Suttree bent to see his face. Jones blinked, eyeballs like eggs in the mammoth black skull. He must have read his pale friend’s look because he said almost to himself: That’s the truth.
How did you get out?
They found his head. Man had it in a shoebox.
He was unscrewing the bottlecap, taking a drink. His eyes closed and opened slowly in the gloom. This man was a gambler and a whoremaster. He never drunk nor smoked. Run a whorehouse on Front Street that was well known in them days. Boats come in, the hands would all turn out for his place. Streets full of whores, queers any color. Thieves. They come out like roaches whenever you had a dockin. Then this feller cut his head off and carried it around in a shoebox with him. He got drunk one night down on Central Avenue and started showin the old head around. Folks runnin screamin into the streets. Next day I’s out.
Was he crazy?
I dont know. He didnt kill him to rob him. I guess he was a little bit crazy.

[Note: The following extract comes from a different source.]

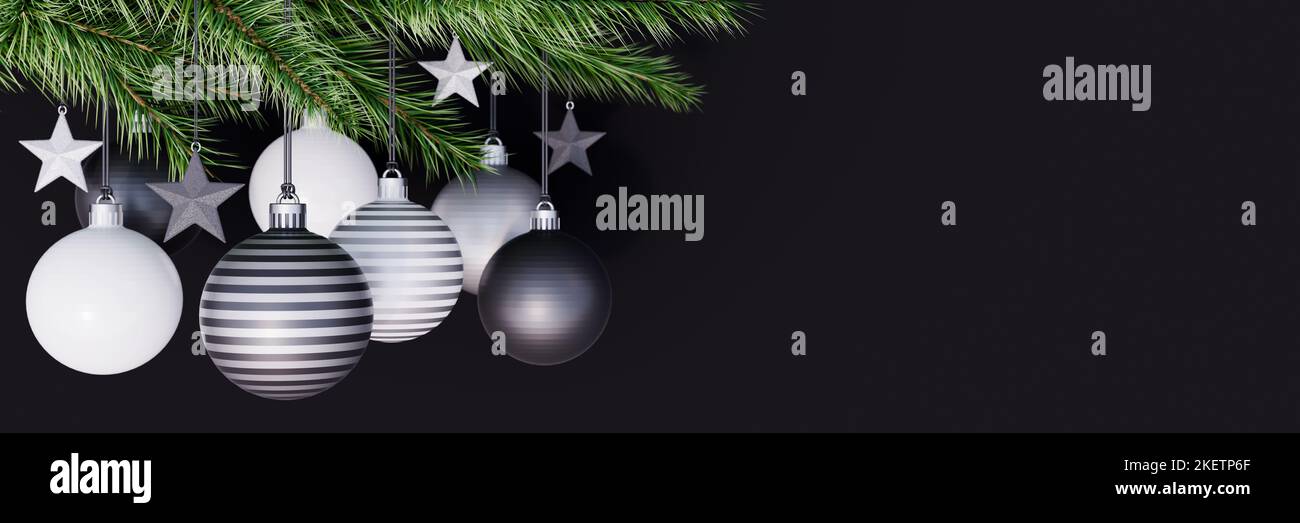 Weihnachtskarte mit Weihnachtsdekoration auf schwarzem Hintergrund 3D Render 3D Illustration Stockfoto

Would you have killed him?
I dont know. I reckon I would if that was how he’d of wanted it.
Suttree took a sip of his beer. He could hear Smokehouse in the outer room again, puttering about, glass clinking. He looked at Jones. Have you ever killed anyone? he said.
Not on purpose, said Jones.
From Cormac McCarthy’s Suttree. I read an echo of Huck and Jim in Sut and Jones, perhaps—a faint, distorted, reverberated echo, sure—but an echo. This episode also seems to obliquely reference Queequeg’s adventures with the shrunken head in Nantucket.
It was September now, a season of rains. The gray sky above the city washed with darker scud like ink curling in a squid’s wake. The blacks can see the boy’s fire at night and glimpses of his veering silhouette slotted in the high nave, outsized among the arches. All night a ruby glow suffuses the underbridge from his garish chancel lamps. The city’s bridges all betrolled now what with old ventriloquists and young melonfanciers. The smoke from their fires issues up unseen among the soot and dust of the city’s right commerce.
Sometimes in the evening Suttree would bring beers and they’d sit there under the viaduct and drink them. Harrogate with questions of city life.
You ever get so drunk you kissed a nigger?
Suttree looked at him. Harrogate with one eye narrowed on him to tell the truth. I’ve been a whole lot drunker than that, he said.
Worst thing I ever done was to burn down old lady Arwood’s house.”
“You burned down an old lady’s house?
Like to of burnt her down in it. I was put up to it. I wasnt but ten year old.
Not old enough to know what you were doing.
Yeah.–Hell no that’s a lie. I knowed it and done it anyways.
Did it burn completely down?
Plumb to the ground. Left the chimbley standin was all. It burnt for a long time fore she come out.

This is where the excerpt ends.